Completely agree with this too.


----------



## Guest

tempo said:


> I'd understand that with the other symphonies, but to me the Ninth always contains the most obvious differences between different performances. I only need a quick listen to a one or two key moments in each movement.


It's not so much that I think the differences can't be heard, as that the Ninth is so long and draining that any attempt on my part to _encompass _the differences - so that I can decide whether I prefer one interpretation over another - is liable to failure due to exhaustion!


----------



## GGluek

Rattle I think is too self-absorbed. Heard his Ninth in the car on the radio. Didn't get past the 1st movement, but what I heard had very little relationship to what i think Beethoven wanted. Also heard a scherzo of the Fifth where the trio was at least 20% faster than I'd ever heard it done - played that way just because he could, not because Beethoven wrote it that way.


----------



## tempo

GGluek said:


> Rattle I think is too self-absorbed. Heard his Ninth in the car on the radio. Didn't get past the 1st movement, but what I heard had very little relationship to what i think Beethoven wanted. Also heard a scherzo of the Fifth where the trio was at least 20% faster than I'd ever heard it done - played that way just because he could, not because Beethoven wrote it that way.


I think I've heard something similar said before about Rattle.

I think the late Sir Charles Mackerras, bless him, conducted a fine Ninth. Pity his excellent version with the Scottish Philharmonia is somewhat undermined by at least one audience member with such a severe illness that at times it sounds more like a Doctor's waiting room than a concert.


----------



## Andreas

I have a weakness for Ferenc Fricsay's 1958 recording with the Berlin Philharmonic. Mainly because it's the version used in A Clockwork Orange (though aparently on the soundtrack album it was replaced by Karajan's 1963 recording).

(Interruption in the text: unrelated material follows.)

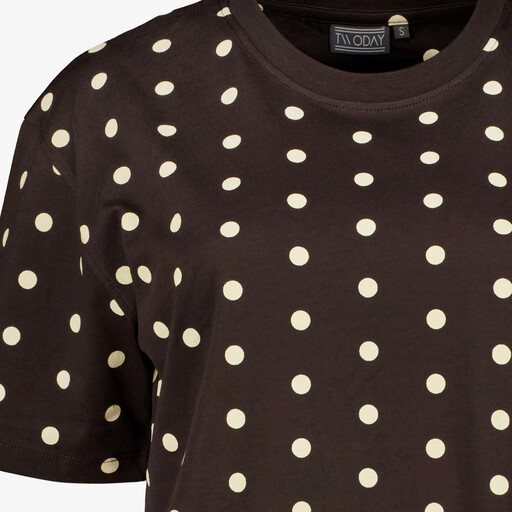 Dames T-shirt met polkadots bruin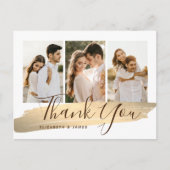 Elegant Gold Foto Wedding Vielen Dank Postkarte (Vorderseite)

Other than that, I'd probably choose David Zinman's recording with the Tonhalle Orchestra Zurich. It's a wonderful combination of modern sound, chamber-orchestra-like precision and HIP-inspired tempi.


----------



## AClockworkOrange

My first choice of Ninth is Furtwangler conducting the Vienna Philharmonic. I could be wrong but I think it was from 1952 (don't have it to hand at present). It may be an older, mono recording but it is my favourite interpretation. It was also my first.

There are others I enjoy greatly but none have been able to take the top spot. Tennstedt came closest with the London Philharmonic (1988 I think) and Harnoncourt did well with Chamber Orch of Europe. I don't mind Barenboim with the Staatskapelle but I can't get into is West-Eastern... Orchestra at all. It just does nothing for me for some reason. I haven't heard Klemperer yet so I may have to remedy that, preferably with the Philharmonia.

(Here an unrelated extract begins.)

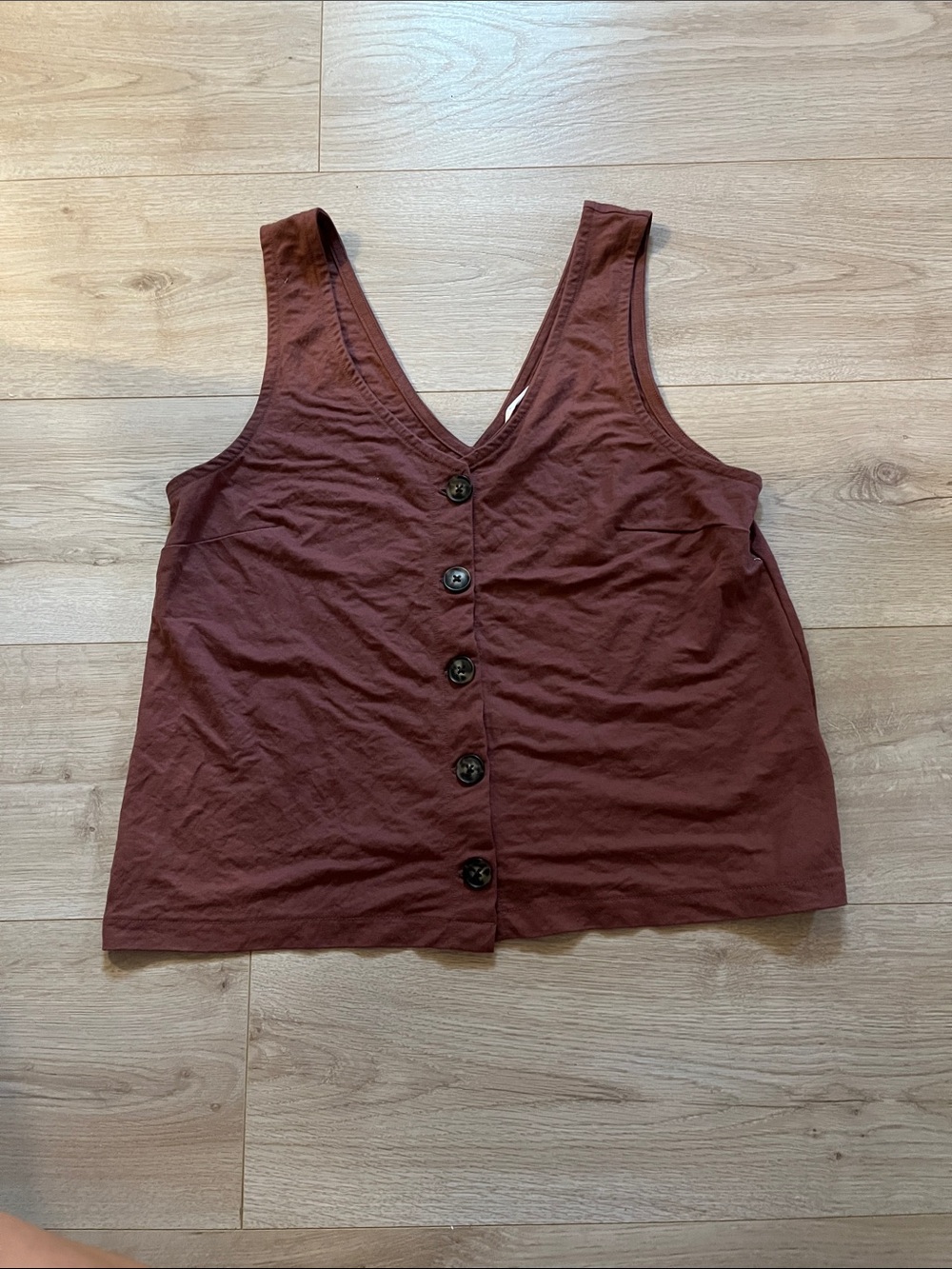 Signature Brown Button-Front V-Neck Tank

As far as direction, I have no problem giving HIP interpretations a chance but I much prefer the "old school" interpretations.


----------



## StlukesguildOhio

Although there are many fine choices... and I probably have far too many of them... my two favorites at the moment would be:


----------



## SixFootScowl

My most favorite is Fricsay. I also like very much Blomstedt 1980, Maazel 1978, Masur 1974 and others. I have about 31 Ninths, one in the Wand 9 symphony set I just ordered. Several I have not listened to yet. The main way I judge a Ninth is by the vocals.


----------



## Itullian

Bohm and Klemperer here. from their complete cycles.


----------



## Mister Man

Fifteen characters.








(Click)


----------



## LovroVonMatacic

First that comes to my mind would be Abbado with the Berliner Philharmoniker.

As for historical recordings, I guess it would be Furtwangler with the Vienna Philharmoniker.

It's great to join this forum and hope to interact with like-minded folks more.


----------



## DavidA

The one I go to is most is Karajan 1977.


----------



## hpowders

Any of the 3 or 4 Karajan performances will do. Abbado's is okay too.


----------



## sabrina

It is not my favourite, but it is very special for me: Berlin, December 1989, Bernstein conducting a huge European orchestra, when a change was sung in the recitative: instead of Freude is sung Freiheit...


----------



## Itullian

This one's always been a favorite as well.


----------



## SixFootScowl

sabrina said:


> It is not my favourite, but it is very special for me: Berlin, December 1989, Bernstein conducting a huge European orchestra, when a change was sung in the recitative: instead of Freude is sung Freiheit...


I have that one. My only Bernstein Ninth. I believe it involves several different choral groups and even multiple orchestras.


----------



## Vaneyes

Itullian said:


> This one's always been a favorite as well.


Yep, good choice.


----------



## Guest

There is really an embarrassment of riches for the 9th. I have several that I love. Furtwangler's Bayreuth recording on EMI. Karajan's 60's DG recording. Fricsay's DG recording. Vanska on BIS. Szell with Cleveland. Gardiner. I enjoy them all.


----------



## Guest

I understand the historical import of the Bernstein Ode to Freedom recording, but I really found it lacking. I can't remember just now why that was, but it just didn't impress me.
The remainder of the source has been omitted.